A software-as-a-service option for the publishing system might allow this total to be reduced by $50,000-100,000, potentially yielding in the range of $200,000-250,000 for a system with limited capacity. Effort to establish and maintain a system can be substantial. To put a system in place, a small team of resources is typically required to accomplish the following:

  • definition of requirements
  • product research and evaluations
  • system procurement
  • system installation, configuration and testing
  • validation documentation and execution
  • FDA eCTD pilot execution
  • FDA Electronic Submissions Gateway pilot execution.

While every implementation project is different, a typical time-frame to complete all of the above steps might be nine to 18 months, depending on the system size and configuration complexity.
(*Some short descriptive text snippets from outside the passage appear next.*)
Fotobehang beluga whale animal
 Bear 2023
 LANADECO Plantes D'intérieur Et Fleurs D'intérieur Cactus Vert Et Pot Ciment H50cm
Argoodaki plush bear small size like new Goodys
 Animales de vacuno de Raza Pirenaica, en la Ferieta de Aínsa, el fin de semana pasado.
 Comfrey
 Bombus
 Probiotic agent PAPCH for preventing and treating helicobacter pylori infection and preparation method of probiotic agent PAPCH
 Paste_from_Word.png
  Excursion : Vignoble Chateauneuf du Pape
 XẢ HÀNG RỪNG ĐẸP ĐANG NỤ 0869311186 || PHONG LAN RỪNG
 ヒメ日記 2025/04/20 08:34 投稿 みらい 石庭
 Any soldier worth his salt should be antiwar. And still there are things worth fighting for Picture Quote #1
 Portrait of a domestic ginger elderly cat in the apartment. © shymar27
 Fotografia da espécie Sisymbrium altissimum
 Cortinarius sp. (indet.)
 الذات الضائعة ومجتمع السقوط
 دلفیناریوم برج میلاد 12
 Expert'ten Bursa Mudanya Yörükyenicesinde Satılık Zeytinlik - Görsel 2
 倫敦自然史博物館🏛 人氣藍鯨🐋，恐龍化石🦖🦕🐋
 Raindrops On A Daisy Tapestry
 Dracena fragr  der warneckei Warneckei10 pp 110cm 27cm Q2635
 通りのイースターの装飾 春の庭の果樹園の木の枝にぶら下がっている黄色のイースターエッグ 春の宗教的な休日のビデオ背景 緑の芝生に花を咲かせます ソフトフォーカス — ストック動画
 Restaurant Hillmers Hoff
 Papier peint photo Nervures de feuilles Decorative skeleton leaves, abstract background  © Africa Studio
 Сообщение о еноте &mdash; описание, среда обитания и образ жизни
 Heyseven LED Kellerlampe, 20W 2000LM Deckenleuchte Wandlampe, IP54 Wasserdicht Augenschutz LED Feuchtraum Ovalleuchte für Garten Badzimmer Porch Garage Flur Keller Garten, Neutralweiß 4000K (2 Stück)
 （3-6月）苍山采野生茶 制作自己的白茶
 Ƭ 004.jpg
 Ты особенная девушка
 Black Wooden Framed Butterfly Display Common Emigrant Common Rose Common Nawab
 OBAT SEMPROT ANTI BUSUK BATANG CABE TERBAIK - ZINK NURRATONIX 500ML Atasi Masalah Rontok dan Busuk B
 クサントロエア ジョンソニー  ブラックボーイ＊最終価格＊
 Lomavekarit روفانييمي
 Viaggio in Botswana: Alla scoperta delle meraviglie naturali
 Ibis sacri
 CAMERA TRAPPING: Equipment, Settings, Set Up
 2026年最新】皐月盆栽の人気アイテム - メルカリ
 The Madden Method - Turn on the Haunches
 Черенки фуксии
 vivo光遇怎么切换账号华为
Every electronic publishing system implementation carries with it the risk of failed submissions. To produce compliant eCTD submissions requires a deep knowledge of the regulatory requirements and specifications for eCTD, as well as an ability to configure and operate a publishing platform to correctly assign every document-level and submission-level attribute. To develop deep subject matter expertise in both domains requires talented people and an organisational commitment to train and support these individuals so they may acquire and maintain this expertise.

Overcome eCTD adoption barriers with outsourcing

Given the initial costs described earlier, it is clear that the implementation of an in-house system is difficult to justify for a sponsor with modest submission requirements on an annual basis. These sponsors and others may well find a solution in eCTD outsourcing, collaborating with a service provider or partner company experienced in eCTD publishing and equipped with a high-capacity platform.

Many original eCTD submissions may be published by a service provider for between $10,000 and $50,000, less than 20% of the first-year costs of an in-house system. For companies with a focus on early-stage development, with only IND applications and associated amendments to submit, the business case for an in-house platform is difficult if not highly improbable. Equally, a sponsor with one NDA or a small number of abbreviated NDAs to submit annually is likely to find the economics of outsourcing far more favourable.

"A system of very modest capacity might represent a total capital commitment of $200,000–300,000 in the first year."

Outsourcing may also save time and effort involved in maintaining an in-house publishing system, leading to immediate eCTD capability compared with a nine to 18-month delay. It can also offer substantially reduced risk of failed submissions. A professional service provider with an extensive eCTD track record likely has the expertise necessary to help a sponsor successfully navigate all of the complex regulatory and technical details of their electronic submission.

Finally, outsourcing may represent an attractive short-term option for sponsors to gain eCTD experience, even if their long-term plan is to implement an in-house system. Equipped with real eCTD experience, a sponsor will be better-equipped to assess their requirements, select the best solution, and understand the effort associated with implementing, operating and maintaining a publishing system.